In California, it’s not just vulnerable families and critical services that could use battery-backed solar systems to ride through wildfire-prevention power outages. Farms also have critical energy needs, like pumping water to crops on set schedules, or chilling them after harvest, that could face significant disruption under the state’s new wildfire prevention regime.

CalCom Energy, a long-time solar and energy services provider for California’s agricultural sector, thinks it has a solution. This week, the Fresno-based developer launched a $100 million Agriculture Energy Infrastructure Fund, aimed at combining low-cost solar power-purchase agreements with the backup power of energy storage.

The fund, developed in partnership with Symbiont Energy and Live Oak Bank, marks CalCom’s first foray into owning the systems it develops, David Williams, CalCom’s chief commercial officer, noted in Wednesday’s press release. But it’s far from CalCom’s first foray into solving the farm-specific energy challenges facing its customers in the state’s Central Valley.
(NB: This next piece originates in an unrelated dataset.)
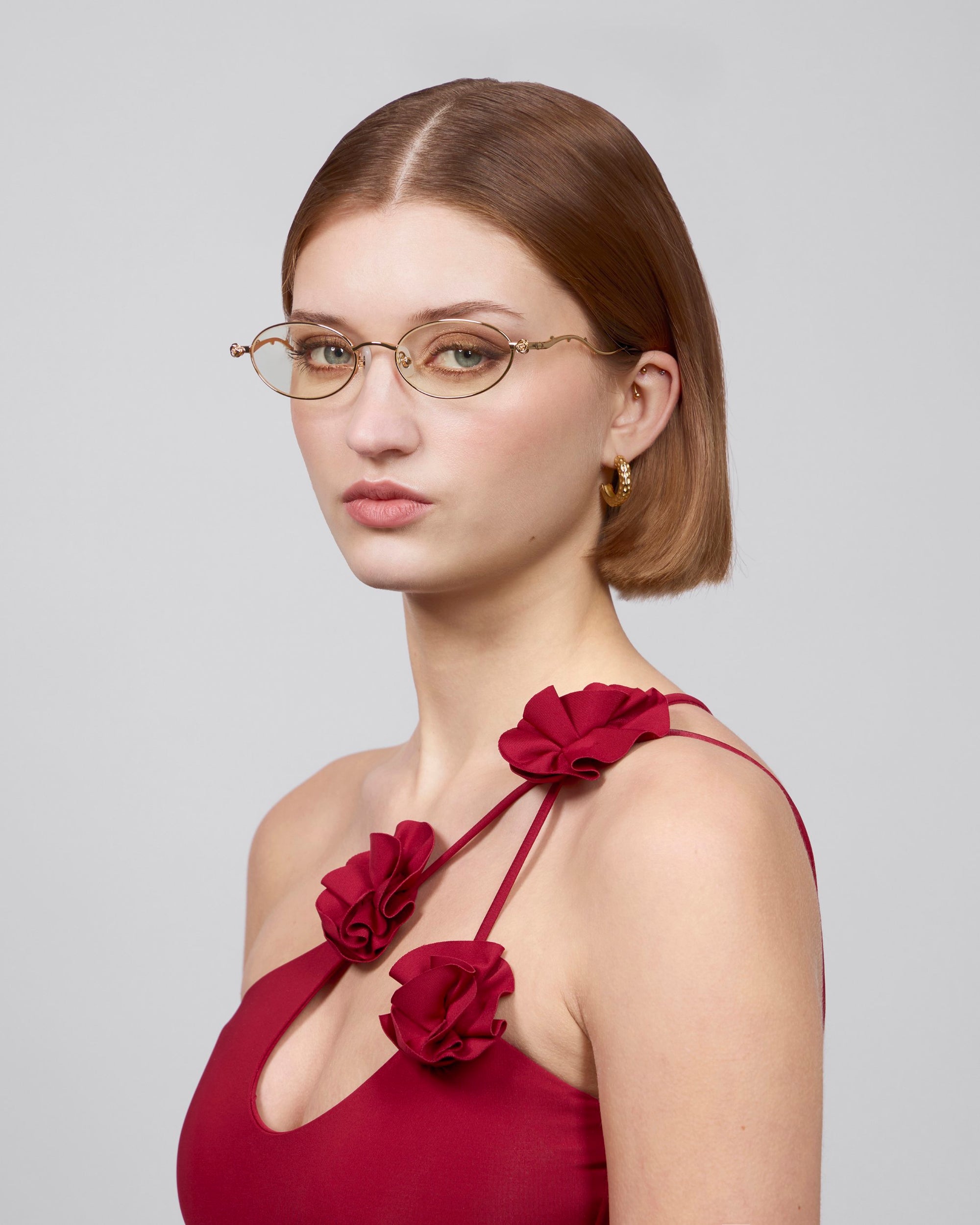 A person with short brown hair wearing gold-rimmed glasses and a sleeveless red "Thorn" dress from For Art's Sake®. They accessorize with gold hoop earrings and pose against a plain background, embodying an elegant, statement masterpiece.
Since its 2012 founding as CalCom Solar, the Fresno, Calif.-based company has developed more than 200 megawatts of clean energy projects, largely solar projects for farms and water districts. In fact, it’s one of the largest commercial solar developers in the territory of Pacific Gas & Electric, the Northern California utility now in bankruptcy reorganization under the weight of tens of billions of dollars in liabilities from deadly wildfires started by its power lines in 2017 and 2018.

Like many California solar developers, energy storage is playing an ever-increasing role in CalCom’s projects, leading it to rebrand as CalCom Energy last year. Changes to California’s net metering regime, including time-of-use (TOU) rates that reduce the value of midday energy and increase its cost in late afternoon and evening hours, have an outsize effect on commercial solar projects like CalCom’s that rely on meter aggregation for valuing their production.
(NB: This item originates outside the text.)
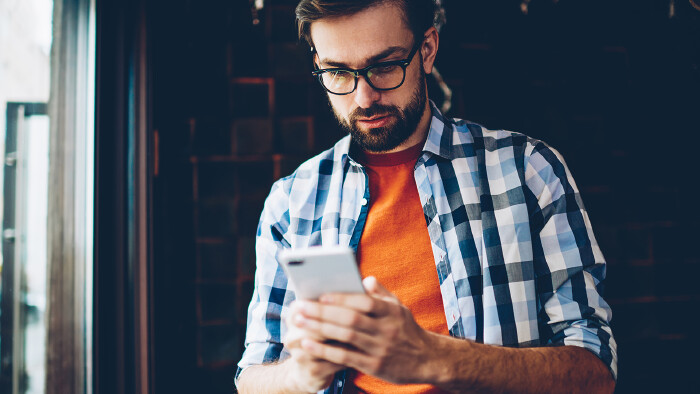 © BullRun, stock.adobe.com Junger Mann am Smartphone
CalCom also provides metering and billing analysis through its Energy Services management platform, to allow its customers to better manage how they consume electricity in relation to their solar-generated and battery-stored resources. For example, big Salinas Valley grower and shipper D’Arrigo Bros. of California, which has installed about 5.5 megawatts of solar PV through CalCom, has also added two 520-kilowatt batteries at its central cooling facility, to reduce demand charges, shift energy to different TOU periods, and provide backup power to critical loads.

But batteries have become even more critical under the much-expanded wildfire prevention “public safety power shutoff” regimes put in place by PG&E and other California utilities under state regulatory mandate this year. Agricultural customers are huge electricity users, largely to move water — pumping and treating water uses roughly one-sixth of the state’s electricity supply.
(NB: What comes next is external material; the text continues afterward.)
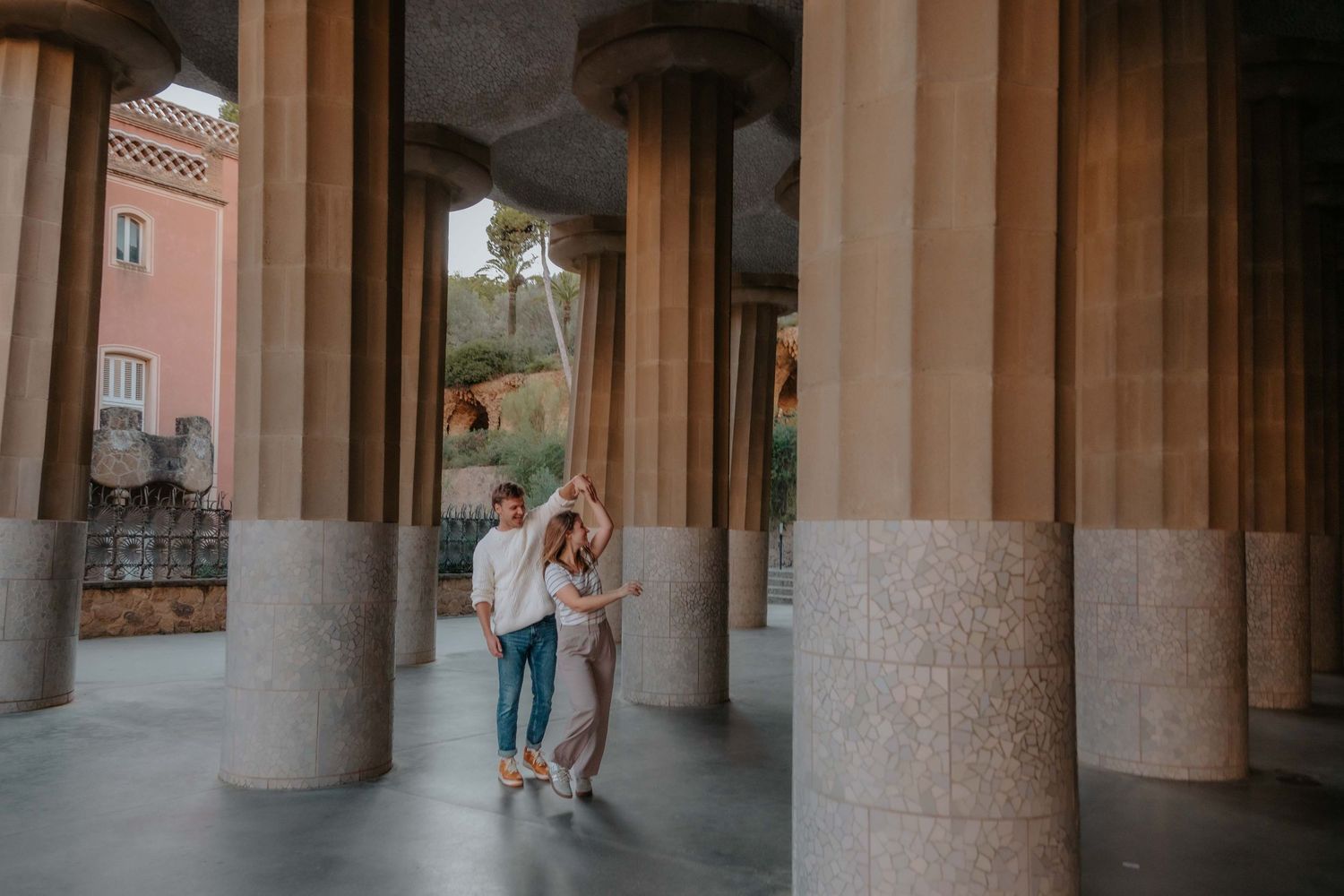 Surprise proposal moment with colorful mosaic background in Barcelona.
In fact, water treatment plants and other water infrastructure are among the classes of “critical services” that have been earmarked for special treatment under the California Public Utilities Commission’s latest revisions to the Self-Generation Incentive Program, which also included $100 million in incentives for disadvantaged or medically vulnerable customers who live in high-fire-threat parts of the state.

But farmers are also dependent on steady and reliable electricity to meet water-pumping schedules that are often fixed by law, or by the needs of its crops and the growing season. Solar-plus-storage projects that promise to reduce overall electric bills, as well as provide backup power, are becoming a far more attractive option than installing expensive and polluting backup generators to insure against a crop-ruining power outage.


 CalCom Energy’s $100M Fund Targets Farms for Solar-Battery Systems, by Jeff St. John, Greentech Media, September 26, 2019.